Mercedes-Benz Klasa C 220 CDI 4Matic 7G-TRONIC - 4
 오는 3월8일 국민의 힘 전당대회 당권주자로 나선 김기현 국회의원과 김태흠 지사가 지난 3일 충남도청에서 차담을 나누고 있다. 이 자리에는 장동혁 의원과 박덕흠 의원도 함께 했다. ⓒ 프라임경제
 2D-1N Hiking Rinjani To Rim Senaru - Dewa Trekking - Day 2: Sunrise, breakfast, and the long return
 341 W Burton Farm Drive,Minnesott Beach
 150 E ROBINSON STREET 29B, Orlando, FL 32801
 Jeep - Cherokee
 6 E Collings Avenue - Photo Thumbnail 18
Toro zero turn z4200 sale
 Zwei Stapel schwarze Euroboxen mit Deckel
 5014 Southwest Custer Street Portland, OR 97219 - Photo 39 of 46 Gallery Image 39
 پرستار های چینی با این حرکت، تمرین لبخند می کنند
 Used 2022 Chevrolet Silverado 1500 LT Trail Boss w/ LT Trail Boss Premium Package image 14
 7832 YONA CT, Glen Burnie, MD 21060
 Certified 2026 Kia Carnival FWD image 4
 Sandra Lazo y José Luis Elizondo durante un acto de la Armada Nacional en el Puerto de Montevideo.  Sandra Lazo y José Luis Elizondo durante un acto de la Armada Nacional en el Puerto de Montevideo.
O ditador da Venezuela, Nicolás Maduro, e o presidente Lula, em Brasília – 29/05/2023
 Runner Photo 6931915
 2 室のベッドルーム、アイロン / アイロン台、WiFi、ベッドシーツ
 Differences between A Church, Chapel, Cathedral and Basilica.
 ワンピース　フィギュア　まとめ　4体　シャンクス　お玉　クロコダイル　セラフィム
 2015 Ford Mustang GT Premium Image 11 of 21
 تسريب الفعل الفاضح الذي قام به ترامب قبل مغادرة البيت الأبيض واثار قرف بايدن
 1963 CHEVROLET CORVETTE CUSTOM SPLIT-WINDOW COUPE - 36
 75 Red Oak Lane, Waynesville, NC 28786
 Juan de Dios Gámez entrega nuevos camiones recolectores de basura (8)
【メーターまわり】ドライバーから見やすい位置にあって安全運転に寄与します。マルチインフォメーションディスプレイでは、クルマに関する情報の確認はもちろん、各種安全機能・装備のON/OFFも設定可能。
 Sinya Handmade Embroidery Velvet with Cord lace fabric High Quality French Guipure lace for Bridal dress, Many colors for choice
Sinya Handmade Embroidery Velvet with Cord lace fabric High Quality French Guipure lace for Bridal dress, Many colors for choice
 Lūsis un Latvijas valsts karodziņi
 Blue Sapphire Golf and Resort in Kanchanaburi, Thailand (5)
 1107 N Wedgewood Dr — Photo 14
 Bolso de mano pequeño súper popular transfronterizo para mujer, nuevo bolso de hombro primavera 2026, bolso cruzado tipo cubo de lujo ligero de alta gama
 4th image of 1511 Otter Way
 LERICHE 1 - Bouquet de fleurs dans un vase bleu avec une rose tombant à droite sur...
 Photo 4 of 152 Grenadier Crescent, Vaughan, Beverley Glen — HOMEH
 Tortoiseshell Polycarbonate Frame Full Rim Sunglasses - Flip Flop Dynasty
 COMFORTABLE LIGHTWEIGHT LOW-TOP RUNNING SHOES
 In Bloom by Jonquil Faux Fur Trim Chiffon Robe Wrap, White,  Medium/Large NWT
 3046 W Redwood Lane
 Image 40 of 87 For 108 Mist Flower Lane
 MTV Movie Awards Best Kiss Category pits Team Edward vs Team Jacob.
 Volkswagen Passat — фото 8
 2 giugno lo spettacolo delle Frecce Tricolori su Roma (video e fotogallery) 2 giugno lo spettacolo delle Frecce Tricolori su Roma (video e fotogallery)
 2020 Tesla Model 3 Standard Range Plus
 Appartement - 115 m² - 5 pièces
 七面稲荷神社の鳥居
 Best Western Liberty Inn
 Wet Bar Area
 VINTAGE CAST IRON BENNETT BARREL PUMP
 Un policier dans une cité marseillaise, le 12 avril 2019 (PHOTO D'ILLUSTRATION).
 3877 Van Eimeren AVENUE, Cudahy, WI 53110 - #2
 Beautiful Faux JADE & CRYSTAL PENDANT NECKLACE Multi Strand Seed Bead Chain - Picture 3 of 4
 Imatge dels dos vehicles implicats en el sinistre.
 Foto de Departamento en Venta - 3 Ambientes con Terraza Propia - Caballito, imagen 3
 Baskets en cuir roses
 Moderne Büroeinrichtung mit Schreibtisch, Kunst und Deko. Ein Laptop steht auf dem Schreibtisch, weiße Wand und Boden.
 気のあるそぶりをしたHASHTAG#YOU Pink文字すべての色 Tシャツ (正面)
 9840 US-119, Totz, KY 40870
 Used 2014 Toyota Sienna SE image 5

▶ [TASK DESCRIPTION]: Beginning at the first line of the data above, retype each line until you reach the line containing "Certified 2026 Kia Carnival FWD image 4", and include that one too. Add nothing else.

▶ [TASK ANSWER]:
Mercedes-Benz Klasa C 220 CDI 4Matic 7G-TRONIC - 4
 오는 3월8일 국민의 힘 전당대회 당권주자로 나선 김기현 국회의원과 김태흠 지사가 지난 3일 충남도청에서 차담을 나누고 있다. 이 자리에는 장동혁 의원과 박덕흠 의원도 함께 했다. ⓒ 프라임경제
 2D-1N Hiking Rinjani To Rim Senaru - Dewa Trekking - Day 2: Sunrise, breakfast, and the long return
 341 W Burton Farm Drive,Minnesott Beach
 150 E ROBINSON STREET 29B, Orlando, FL 32801
 Jeep - Cherokee
 6 E Collings Avenue - Photo Thumbnail 18
Toro zero turn z4200 sale
 Zwei Stapel schwarze Euroboxen mit Deckel
 5014 Southwest Custer Street Portland, OR 97219 - Photo 39 of 46 Gallery Image 39
 پرستار های چینی با این حرکت، تمرین لبخند می کنند
 Used 2022 Chevrolet Silverado 1500 LT Trail Boss w/ LT Trail Boss Premium Package image 14
 7832 YONA CT, Glen Burnie, MD 21060
 Certified 2026 Kia Carnival FWD image 4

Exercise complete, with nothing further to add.